Sous la vague – Anne Percin

PercinTitre : Sous la vague
Auteur : Anne Percin
Éditeur : La Brune au Rouergue
Nombre de pages : 208
Date de parution : 17 août 2016

Je n’avais encore jamais lu de romans d’Anne Percin. Si, de prime abord, l’histoire me paraît étrange et futile, je me laisse ensuite porter par ce personnage initialement pompeux et indiffèrent à tout qui se métamorphose en être sensible et altruiste. D’une situation froide d’une entreprise séculaire en proie à quelques vagues économiques, somme toute ridicules face à l’apocalypse de Fukushima, l’auteur nous conduit sur un parcours teinté d’humour vers une situation relationnelle emplie de chaleur humaine.
Bertrand Berger-Lafitte, unique héritier des cognacs du même nom, est le directeur général de l’entreprise familiale. Son ex-femme, Marjorie en est restée la Présidente du Conseil d’administration. En mars 2011, le tsunami frappe de plein fouet les marchés boursiers et l’entreprise de Bertrand très implantée sur le marché japonais connaît quelques difficultés. Les actionnaires souhaiteraient diversifier la production vers des boissons à base de cognac plus modernes mais Bertrand refuse de dénaturer sa marque.

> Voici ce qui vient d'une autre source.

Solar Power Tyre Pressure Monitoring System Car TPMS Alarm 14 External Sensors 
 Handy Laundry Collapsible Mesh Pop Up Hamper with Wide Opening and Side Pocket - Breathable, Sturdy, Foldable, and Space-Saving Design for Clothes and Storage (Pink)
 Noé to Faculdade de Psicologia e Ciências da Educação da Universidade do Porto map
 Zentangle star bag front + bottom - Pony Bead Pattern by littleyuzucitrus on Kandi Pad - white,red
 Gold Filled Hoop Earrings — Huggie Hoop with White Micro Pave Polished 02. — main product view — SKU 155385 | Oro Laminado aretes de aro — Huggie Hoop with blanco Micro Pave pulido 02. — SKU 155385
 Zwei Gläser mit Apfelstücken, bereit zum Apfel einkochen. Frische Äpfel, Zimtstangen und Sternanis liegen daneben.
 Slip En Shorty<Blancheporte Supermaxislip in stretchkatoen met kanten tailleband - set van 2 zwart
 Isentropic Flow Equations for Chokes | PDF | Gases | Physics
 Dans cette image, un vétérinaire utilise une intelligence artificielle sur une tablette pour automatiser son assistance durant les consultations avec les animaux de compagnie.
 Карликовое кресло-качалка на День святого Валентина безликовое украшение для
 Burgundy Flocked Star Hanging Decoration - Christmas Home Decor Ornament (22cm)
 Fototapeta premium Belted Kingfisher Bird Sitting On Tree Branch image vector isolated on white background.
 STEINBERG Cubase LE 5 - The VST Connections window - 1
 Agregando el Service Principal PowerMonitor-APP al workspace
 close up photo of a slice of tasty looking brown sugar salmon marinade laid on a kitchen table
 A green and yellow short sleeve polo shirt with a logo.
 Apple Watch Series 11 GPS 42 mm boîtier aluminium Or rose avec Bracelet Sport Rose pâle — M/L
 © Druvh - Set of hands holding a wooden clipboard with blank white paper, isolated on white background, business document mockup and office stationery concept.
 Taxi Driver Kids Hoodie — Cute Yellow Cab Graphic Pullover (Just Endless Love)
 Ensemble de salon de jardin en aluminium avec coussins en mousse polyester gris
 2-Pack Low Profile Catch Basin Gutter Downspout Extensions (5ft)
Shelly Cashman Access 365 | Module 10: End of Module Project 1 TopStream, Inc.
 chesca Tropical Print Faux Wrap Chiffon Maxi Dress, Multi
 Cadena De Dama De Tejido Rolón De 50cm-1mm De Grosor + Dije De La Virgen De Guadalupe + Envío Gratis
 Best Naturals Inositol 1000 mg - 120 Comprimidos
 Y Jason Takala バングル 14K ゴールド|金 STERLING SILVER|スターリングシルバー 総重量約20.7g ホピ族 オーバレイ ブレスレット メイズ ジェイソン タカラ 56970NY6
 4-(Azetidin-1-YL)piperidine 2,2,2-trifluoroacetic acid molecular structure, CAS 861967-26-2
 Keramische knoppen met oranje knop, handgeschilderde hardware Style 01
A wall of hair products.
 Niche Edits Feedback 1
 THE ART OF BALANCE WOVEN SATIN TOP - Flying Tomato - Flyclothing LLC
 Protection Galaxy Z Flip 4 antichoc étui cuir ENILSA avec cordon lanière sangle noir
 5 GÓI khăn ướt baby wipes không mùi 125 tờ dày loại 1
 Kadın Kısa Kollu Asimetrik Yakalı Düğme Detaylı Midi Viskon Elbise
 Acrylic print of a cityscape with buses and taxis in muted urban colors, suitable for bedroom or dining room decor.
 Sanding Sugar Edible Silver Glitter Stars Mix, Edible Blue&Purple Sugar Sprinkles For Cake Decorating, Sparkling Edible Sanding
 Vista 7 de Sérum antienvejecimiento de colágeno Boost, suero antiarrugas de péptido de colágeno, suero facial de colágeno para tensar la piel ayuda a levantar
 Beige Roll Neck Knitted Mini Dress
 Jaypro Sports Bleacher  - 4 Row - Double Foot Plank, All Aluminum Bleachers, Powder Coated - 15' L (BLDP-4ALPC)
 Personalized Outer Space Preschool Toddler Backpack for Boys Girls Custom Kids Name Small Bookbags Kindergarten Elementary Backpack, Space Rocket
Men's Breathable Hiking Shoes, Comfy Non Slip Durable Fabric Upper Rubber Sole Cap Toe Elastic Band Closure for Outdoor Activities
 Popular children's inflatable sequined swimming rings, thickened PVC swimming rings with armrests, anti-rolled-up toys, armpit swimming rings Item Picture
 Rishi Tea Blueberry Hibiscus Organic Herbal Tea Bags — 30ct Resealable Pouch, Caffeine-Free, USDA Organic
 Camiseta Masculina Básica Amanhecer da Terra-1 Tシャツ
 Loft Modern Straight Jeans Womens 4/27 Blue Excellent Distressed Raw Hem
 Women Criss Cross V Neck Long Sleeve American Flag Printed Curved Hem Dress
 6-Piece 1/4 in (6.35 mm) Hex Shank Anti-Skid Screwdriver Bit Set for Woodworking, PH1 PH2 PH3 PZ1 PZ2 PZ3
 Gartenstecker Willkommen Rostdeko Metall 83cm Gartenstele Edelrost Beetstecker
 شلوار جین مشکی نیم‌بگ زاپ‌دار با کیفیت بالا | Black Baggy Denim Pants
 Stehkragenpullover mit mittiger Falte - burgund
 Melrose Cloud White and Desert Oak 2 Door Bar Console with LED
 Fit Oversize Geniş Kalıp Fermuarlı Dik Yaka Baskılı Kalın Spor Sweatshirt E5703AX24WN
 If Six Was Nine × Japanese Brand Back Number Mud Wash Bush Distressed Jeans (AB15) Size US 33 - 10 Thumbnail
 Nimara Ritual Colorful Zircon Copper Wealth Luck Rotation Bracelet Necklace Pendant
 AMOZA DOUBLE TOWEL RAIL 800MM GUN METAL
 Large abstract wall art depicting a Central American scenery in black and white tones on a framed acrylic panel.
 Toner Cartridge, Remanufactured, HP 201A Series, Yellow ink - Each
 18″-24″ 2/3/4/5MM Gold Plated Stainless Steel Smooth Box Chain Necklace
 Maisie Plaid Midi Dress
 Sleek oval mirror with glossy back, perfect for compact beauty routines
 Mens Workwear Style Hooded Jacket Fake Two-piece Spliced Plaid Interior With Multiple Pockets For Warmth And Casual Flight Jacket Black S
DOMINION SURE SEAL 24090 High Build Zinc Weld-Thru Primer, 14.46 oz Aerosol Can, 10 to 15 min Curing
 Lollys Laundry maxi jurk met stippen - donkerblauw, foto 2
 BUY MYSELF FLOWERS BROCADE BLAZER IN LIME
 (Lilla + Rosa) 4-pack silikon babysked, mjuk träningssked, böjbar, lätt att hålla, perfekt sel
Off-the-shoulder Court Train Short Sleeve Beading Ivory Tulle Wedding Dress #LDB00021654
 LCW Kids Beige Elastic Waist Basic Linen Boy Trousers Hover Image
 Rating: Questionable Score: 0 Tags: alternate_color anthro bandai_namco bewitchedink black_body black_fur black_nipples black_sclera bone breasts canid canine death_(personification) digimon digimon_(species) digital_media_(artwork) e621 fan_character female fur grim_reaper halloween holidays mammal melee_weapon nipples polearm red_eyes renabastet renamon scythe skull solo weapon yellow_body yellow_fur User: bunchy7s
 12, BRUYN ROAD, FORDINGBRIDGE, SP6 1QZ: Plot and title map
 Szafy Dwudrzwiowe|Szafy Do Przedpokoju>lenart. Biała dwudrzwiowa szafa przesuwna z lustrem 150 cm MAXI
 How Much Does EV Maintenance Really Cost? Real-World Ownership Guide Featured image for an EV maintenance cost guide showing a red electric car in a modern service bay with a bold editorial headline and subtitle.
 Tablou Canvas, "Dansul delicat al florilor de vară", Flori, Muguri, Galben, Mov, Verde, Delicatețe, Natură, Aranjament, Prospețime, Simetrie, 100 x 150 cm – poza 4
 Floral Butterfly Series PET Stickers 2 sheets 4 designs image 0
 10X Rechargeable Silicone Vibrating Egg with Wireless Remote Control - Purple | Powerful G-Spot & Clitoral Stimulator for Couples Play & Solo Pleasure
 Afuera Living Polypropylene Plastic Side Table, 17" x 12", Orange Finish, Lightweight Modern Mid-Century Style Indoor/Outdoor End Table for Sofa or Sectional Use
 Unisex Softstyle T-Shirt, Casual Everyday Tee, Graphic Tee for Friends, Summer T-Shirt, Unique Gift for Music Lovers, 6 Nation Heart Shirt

Lors d’un reportage télévisé, le drame de Fukushima  » avait l’étrange sérénité d’une tragédie, quand tout est consommé, qu’il n’y a plus rien à dire, rien à faire qu’à se laisser couler. » Bertrand sombre lui aussi dans cette catastrophe tranquille. Le conseil d’administration mené par son ex-femme souhaite le licencier. Sa fille Olivia, vingt ans, est enceinte d’un ouvrier syndicaliste. Les ouvriers craignant la délocalisation se mettent en grève. Submergé par cette vague d’ennuis qui condamne à jamais une existence jusqu’alors confortable et protégée, Bertrand ne trouve de réconfort qu’auprès de son chauffeur, Eddy, un homme énigmatique, discret et solide avec ses costards, ses grosses bagues et ses tatouages.
Bertrand tente de sauver un faon blessé par sa Mercedes, prend du temps à tenter de retrouver un chien perdu, n’hésite pas à fracasser le tableau de bord de sa voiture pour sauver un chaton, écoute du rap, goûte un joint de cannabis, prend part à un défilé de gréviste. Alors que sa fille quitte une enfance à jamais perdue, Bertrand compense ses cauchemars par davantage de légèreté.
 » Mais sa vie, de fade et pâle qu’elle était devenue avec le temps, prenait soudain une profondeur insoupçonnée, un relief, une dimension. Une couleur. »
Avec une écriture simple et fluide, Anne Percin laisse éclater les doutes et la sensibilité de son personnage principal. En opposant le monde froid de l’entreprise et la douceur animale, l’auteur construit une fable teintée d’humour et d’ironie qui ne laisse aucun doute sur l’endroit où se trouve le « lointain écho du bonheur ».